Il se reprit, se remettant de son choc initial.

"Oh, non. Celui qui possède cet endroit est assez riche pour se permettre de vivre ailleurs. Et les gens du coin n'ont pas rencontré la famille des propriétaires. Ils ont du personnel qui fait tourner l'endroit."

"Oh, ok." Elle hocha la tête en feignant de comprendre. "Et vous avez visité le château ?"

Il se tut de nouveau, mais cette fois, il garda une expression passive. Mia était sur le point de répéter la question lorsque Richard répondit. "Oui, j'y suis déjà allé. Mais je n'y suis pas retourné depuis que je suis revenu."

"De retour ?" Elle le regarda avec confusion. "Vous viviez quelque part avant de vous installer ici ?"

Il sembla se rendre compte qu'il frottait la même casserole depuis près d'une minute. Il la rinça puis tendit la casserole propre à Mia.

"Si vous comptez rester, pouvez-vous la mettre à sécher sur la grille ?" Il fit un geste vers un cadre blanc vide formé de fils fins et d'un plateau en dessous, pour récupérer les gouttes d'eau.
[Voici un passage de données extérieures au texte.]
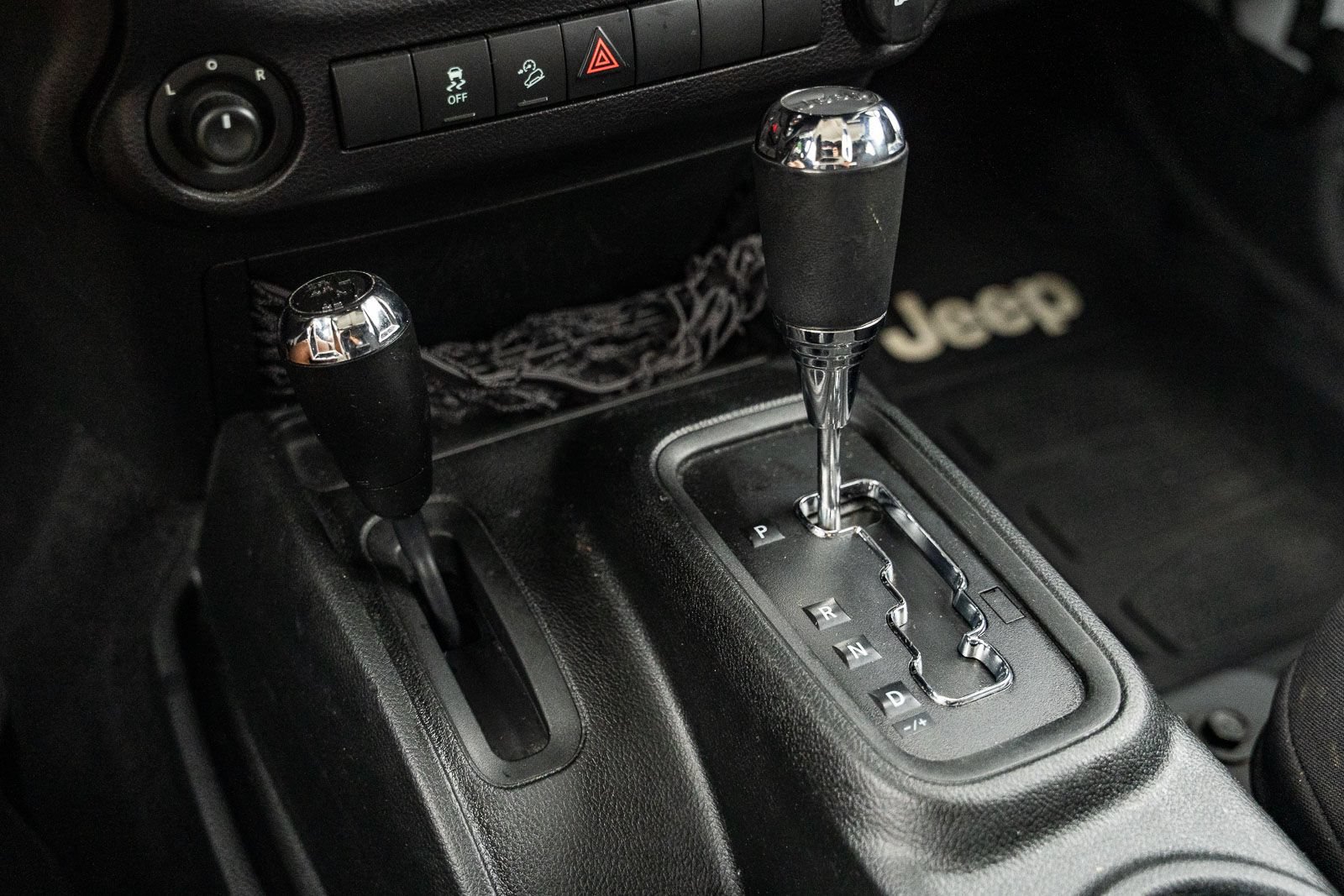 Used 2018 Jeep Wrangler Unlimited Sport S AWD/4WD image 27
Mia prit la casserole et la posa sur le porte-vaisselle. "Où viviez-vous avant ?" insista-t-elle.

"Juste sur le continent. Je revenais ici tous les quatre mois environ pour voir ma grand-mère et mon grand-père. En fait, je suis ingénieur."

"Vraiment ? Alors que faites-vous ici... ?" En voyant son expression très fermée, elle se tut.

"Mon grand-père est tombé malade il y a deux ans, puis il est décédé. Alors, je suis revenu définitivement pour aider Grannie."

Mia se mordit la lèvre comme pour excuser sa curiosité. "Je suis désolée."

"Ce n'est pas grave. Je n'ai aucun regret, j'étais là avec lui et Grannie dans ses derniers moments."

"Et vos parents ?"

Il lui tendit une autre casserole, qu'elle posa à nouveau sur le porte-vaisselle. "Ils sont morts quand j'avais cinq ans."

Elle poussa un gros soupir, se sentant coupable d'avoir mis le nez dans sa vie et d'avoir déterré ce passé. "Je suis vraiment désolée, Richard. Je ne voulais pas..."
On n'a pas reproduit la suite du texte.